■ **Your task**
Although the data holds pictures, return only the lines from the one containing "a living room" to the end, exactly, and without them.

■ **Data excerpt**
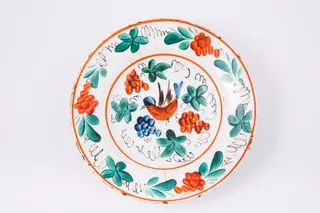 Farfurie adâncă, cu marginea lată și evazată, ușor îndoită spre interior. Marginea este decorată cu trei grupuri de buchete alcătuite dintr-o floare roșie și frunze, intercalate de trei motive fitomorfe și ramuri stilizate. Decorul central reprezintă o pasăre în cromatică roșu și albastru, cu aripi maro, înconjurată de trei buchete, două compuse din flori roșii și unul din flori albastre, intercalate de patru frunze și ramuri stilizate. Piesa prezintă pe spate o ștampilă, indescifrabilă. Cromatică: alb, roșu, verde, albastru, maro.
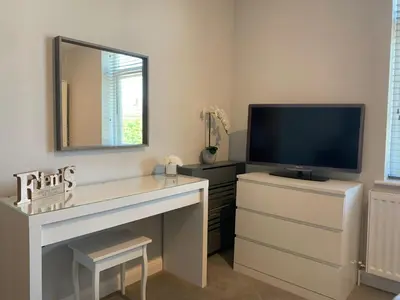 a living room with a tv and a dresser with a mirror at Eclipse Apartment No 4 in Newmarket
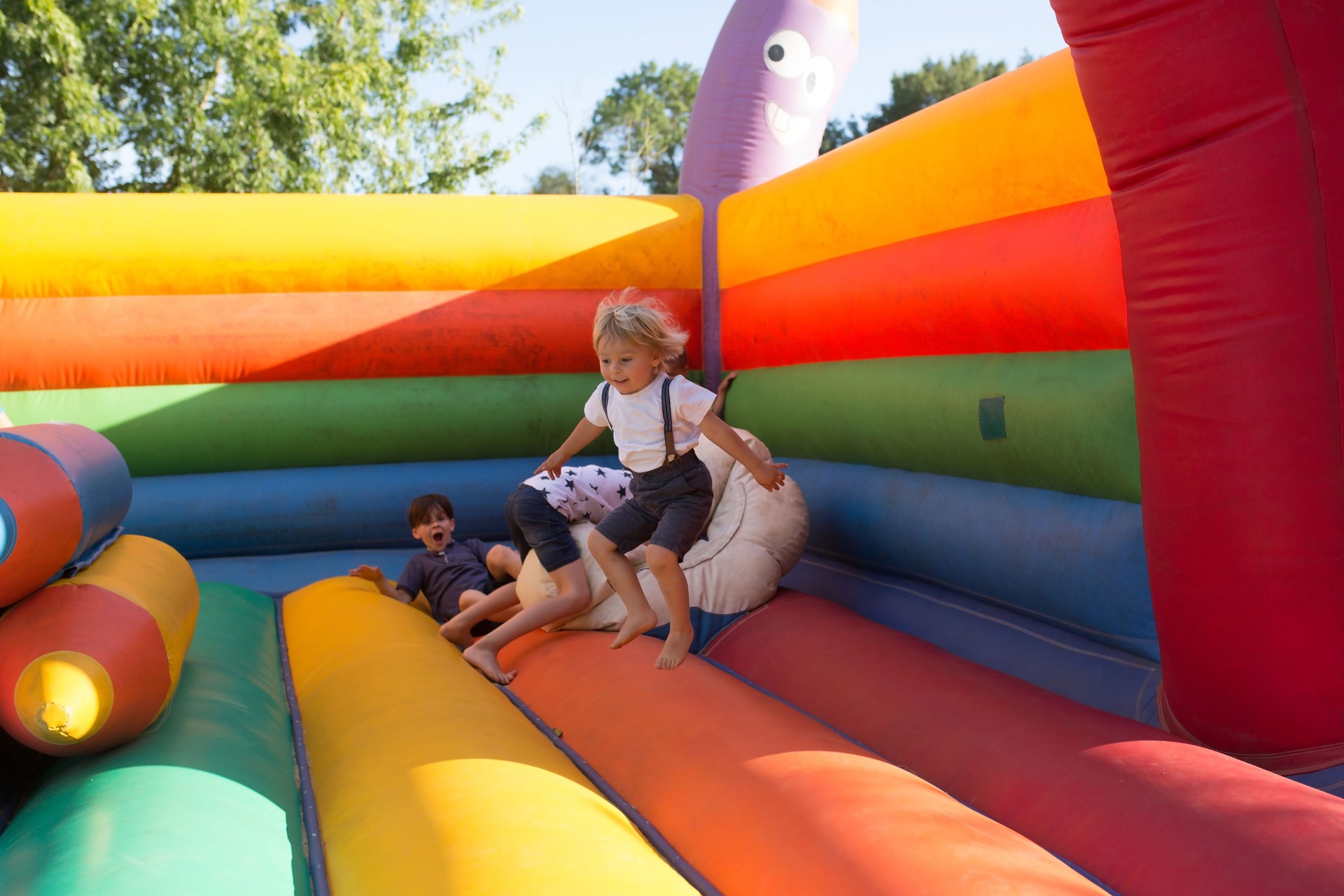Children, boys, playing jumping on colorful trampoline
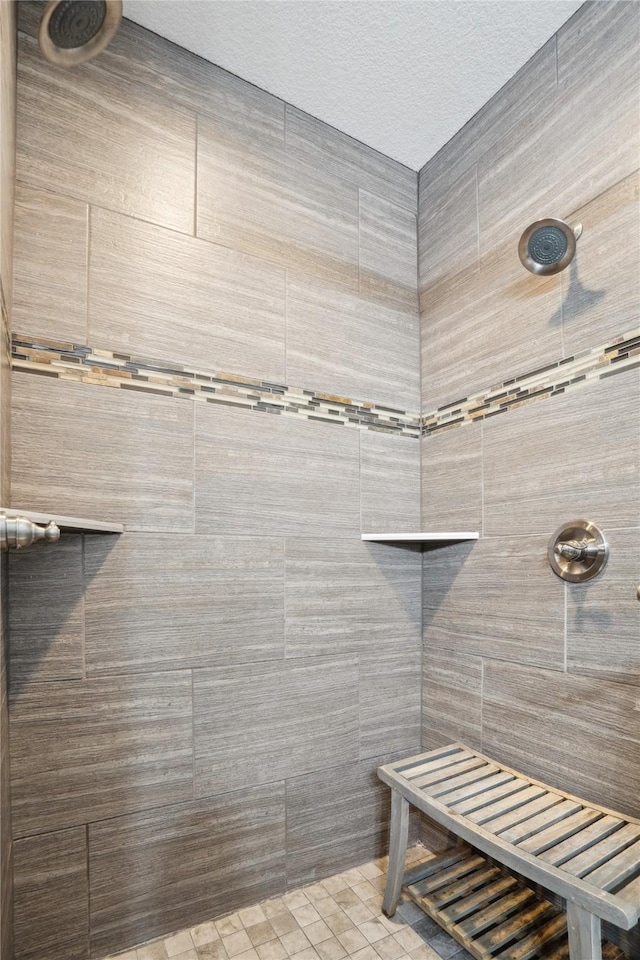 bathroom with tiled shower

■ **Answer for the task**
 a living room with a tv and a dresser with a mirror at Eclipse Apartment No 4 in Newmarket
Children, boys, playing jumping on colorful trampoline
 bathroom with tiled shower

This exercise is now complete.